Grasping at Happiness is Futile

Happiness is a changing feeling that comes and goes with circumstances that appear to coincide with it. Since circumstances are largely out of our control, and constantly in flux, our happiness is always waxing and waning. It swells when we feel good (physically, mentally, emotionally, spiritually) and declines when we don’t. Nobody can feel happy ALL the time, because conditions (internal or external) can never be controlled to that degree. Trying will make you crazy.

The problem is that social conditioning, especially in America, has us believe that there is something wrong with you if you don’t don a perma-smile. Actually it’s totally natural NOT to: the sky is not always sunny, flowers aren’t always blooming, and even cats and dogs get the blues. Without sadness, pain, dissatisfaction, broken heartedness, confusion, etc., we wouldn’t be human (and there certainly would not be any good art or music!).

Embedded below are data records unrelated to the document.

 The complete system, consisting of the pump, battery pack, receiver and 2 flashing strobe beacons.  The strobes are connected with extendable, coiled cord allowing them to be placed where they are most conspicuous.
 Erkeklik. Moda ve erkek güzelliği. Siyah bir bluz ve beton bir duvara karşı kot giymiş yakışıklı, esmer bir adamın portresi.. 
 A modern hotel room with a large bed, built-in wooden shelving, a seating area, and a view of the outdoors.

Feelings come and go like changing seasons. It’s our reluctance to fully appreciate all of them that makes us feel divide inside. We were taught to feel bad about not feeling good. We learned this from a neurotic culture that is pathologically addicted to unattainable ideals (flawless beauty, eternal youth, perfect happiness).

We can un-learn it!

Like removing corrupted software from our CPU…Delete program!

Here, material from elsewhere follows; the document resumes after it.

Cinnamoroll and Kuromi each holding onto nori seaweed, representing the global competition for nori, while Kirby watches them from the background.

When we are in harmony with our life we feel happy much of the time. But it’s also possible to be at peace when dissatisfaction, pain, loneliness, confusion, sadness, or any challenging feeling comes along for a visit. It requires that we simply let go of our resistance to feeling what we feel. In other words, if we can fully accept what ever comes without judgment, criticism, or the need to understand why, then we find a sense of ease opening up inside us.

That way, we can be free to feel dissatisfied with out being anxious about it. Feeling less anxious, we have less dissatisfaction. The whole thing unwinds itself.

Admittedly, this takes quite a bit of courage, and the willingness to get comfortable feeling uncomfortable. But if we do this repeatedly, moment after moment, day after day, our inner conflict melts like a chunk of ice into a flowing stream. We discover a basic joy and peace that is available to us all the time, even amid the changing tides of our thoughts, feelings, sensations, and circumstances.